Una data non casuale: nello stesso giorno, la ministra per gli Affari Regionali e le Autonomie, on. Gelmini, incontrerà i presidenti delle regioni italiane per presentare il suo Disegno di Legge “Disposizioni per l’attuazione dell’autonomia differenziata di cui all’articolo 116, terzo comma, della Costituzione”.

«La ministra Gelmini aveva annunciato: “L’Autonomia Differenziata è all’ultimo miglio, prima dell’estate la Legge Quadro”. Difficilmente, tuttavia, si poteva immaginare un Disegno di Legge così devastante come quello che è trapelato in questi giorni. Noncurante delle conseguenze disastrose della prima regionalizzazione che sono emerse in modo drammatico con la pandemia, in un momento nel quale la guerra in Ucraina sta accentuando l’esplosione della crisi economica e le disuguaglianze sociali e territoriali, questo testo ha qualcosa di paradossale, perché va ben oltre, e contrasta persino, i limiti che una commissione di costituzionalisti incaricata dalla stessa Gelmini aveva indicato per l’Autonomia Differenziata» commenta il portavoce del comitato, il consigliere comunale Eliseo Tambone.

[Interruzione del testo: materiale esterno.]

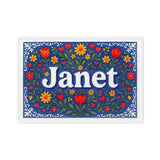 Janet Name Art - Floral Farmhouse personalized wall print for kids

«Composto da cinque articoli, il Disegno di Legge delinea una procedura che esautora il Parlamento da ogni potere reale in merito alle Intese tra Stato e Regioni che richiedono il regionalismo differenziato, limitando l’azione delle Camere a pura consultazione; non esclude alcuna delle 23 materie richieste dalle Regioni, contro il parere della Commissione Gelmini, che invitava invece a lasciar fuori la scuola e la sanità. Addirittura, per materie come l’ambiente, si andrebbe incontro ad una immediata regionalizzazione;  prevede (art. 4) che le risorse finanziarie per le Regioni “differenziate” siano inizialmente determinate tramite la “spesa storica”, cioè consolidando l’aberrante meccanismo che ha portato già oggi alle più gravi distorsioni e differenziazioni territoriali» continua Tambone.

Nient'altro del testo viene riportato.